Somos los europeos quienes acabaremos denunciando a Trump ante las instancias pertinentes, acusándole de dumping fiscal y tergiversando la naturalidad y razón de ser de los planteamientos tributarios y económicos del actual inquilino de la Casa Blanca. De hecho, el mejor impacto del paquete normativo aprobado en Estados Unidos se concentra en el impuesto sobre sociedades, un impuesto que en muchos países se está retocando a la baja por varios motivos; entre ellos, para evitar la fuga de sociedades hacia otros territorios con fiscalidad más tierna y apacible, para acabar con la triangulación fiscal que las multinacionales llevan a cabo jugando con sus subsidiarias domiciliadas en zonas de baja tributación, para animar la inversión en el propio país que conlleve la creación de empleo y que la actividad se acelere… Hasta ahora el tipo de gravamen del impuesto sobre sociedades en Estados Unidos era del 35% y la reducción aprobada lo rebaja al 21%. Por consiguiente, las empresas norteamericanas, que en estos años están cosechando suculentas ganancias que redundan en sus elevadas cotizaciones bursátiles y en generosos repartos de dividendos, saben que desde ahora sus beneficios se gravarán en menor cuantía y el excedente libre de impuestos, que se aplica a distribuir dividendos y a aumentar las reservas, crecerá. Lo uno lleva a lo otro: si las acciones cotizaban con júbilo hasta el momento, con mayor entusiasmo cotizarán en este arranque de año.

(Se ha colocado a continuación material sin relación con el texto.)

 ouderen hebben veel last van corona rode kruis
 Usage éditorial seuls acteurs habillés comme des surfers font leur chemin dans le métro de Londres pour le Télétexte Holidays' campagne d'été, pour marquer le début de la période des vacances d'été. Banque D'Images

Con ser trascendental esa bajada del tipo del impuesto sobre sociedades, el extremo descollante del asunto viene dado por el interesante aliciente que se promulga para la repatriación de beneficios hacia Estados Unidos. Hasta ahora, cuando una compañía multinacional norteamericana repatriaba las ganancias obtenidas fuera de Estados Unidos, tributaba sobre las mismas, en el momento de su repatriación, el 35%. Mientras que si no las repatriaba, el efecto del impuesto sobre beneficios era exactamente el mismo, es decir, su resultado antes de impuestos se veía aminorado por la carga tributaria, pero con un detalle singular: el impuesto quedaba diferido hasta que se procediera a la repatriación.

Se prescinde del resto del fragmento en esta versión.